This repository contains a simple implementation of an email classification model using the Naive Bayes algorithm. The model is trained on a labeled dataset of emails, distinguishing between different classifications such as spam and ham. Additionally, the trained model is tested on a separate dataset to evaluate its performance.
To run the code, make sure you have the required Python libraries installed. You can install them using the following:
pip install numpy pandas scikit-learne
Clone the repository:
git clone https://github.com/yourusername/email-classification.git
cd email-classification
Download the training dataset (emails_dataset.csv) and test dataset (test_emails.csv) and place them in the project folder.
Run the provided Python script:
python spam_detector.py
The script will load the training data, preprocess it, train a Naive Bayes classifier, and then evaluate its performance on a test dataset. The classification report will be printed, showing metrics such as precision, recall, and F1-score.

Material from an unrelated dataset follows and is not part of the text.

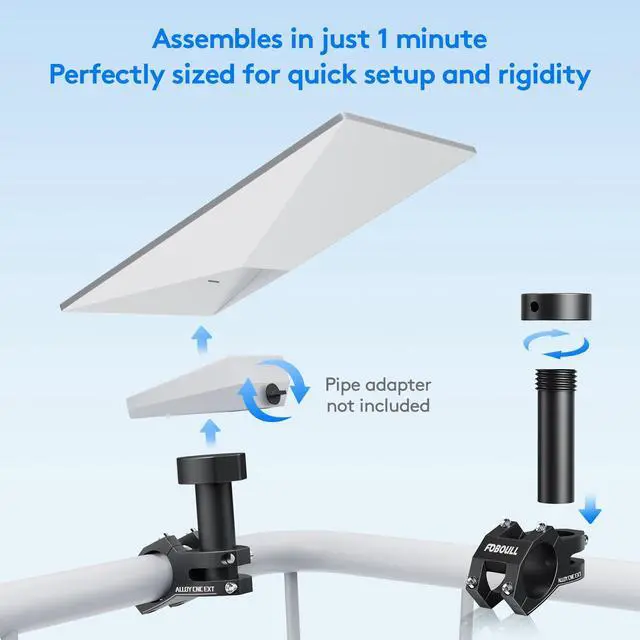 Alt view image 6 of 7 - Starlink Mini Mount Kit for RV, Boat, Camper, Ladder & Guardrail - CNC Aluminum Alloy Adjustable Clamp (0.79"-1.38" Pipe Diameter) - Universal Pipe Adapter Compatible with Starlink mini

The code is structured as follows:
Loading and Preprocessing Data: The training data is loaded from the emails_dataset.csv file, and any NaN values in the "Message" column are filled with empty strings.
Feature Extraction: The CountVectorizer is used to convert the text data into a bag-of-words representation. This is essential for training the Naive Bayes classifier.
Train-Test Split: The dataset is split into training and testing sets using the train_test_split function from scikit-learn.
Model Training: A Multinomial Naive Bayes classifier is trained using the training data.
Model Evaluation: The model is evaluated on the test set, and a classification report is printed, providing insights into its performance.
Testing the Model: The trained model is applied to a new dataset (test_emails.csv), and the predictions are displayed alongside the original messages.
The classification report printed after model evaluation provides information about the precision, recall, and F1-score for each class. Additionally, the predictions on the test dataset are presented in a DataFrame for further analysis.
Feel free to modify the script, tweak parameters, or use your own datasets to experiment with different configurations.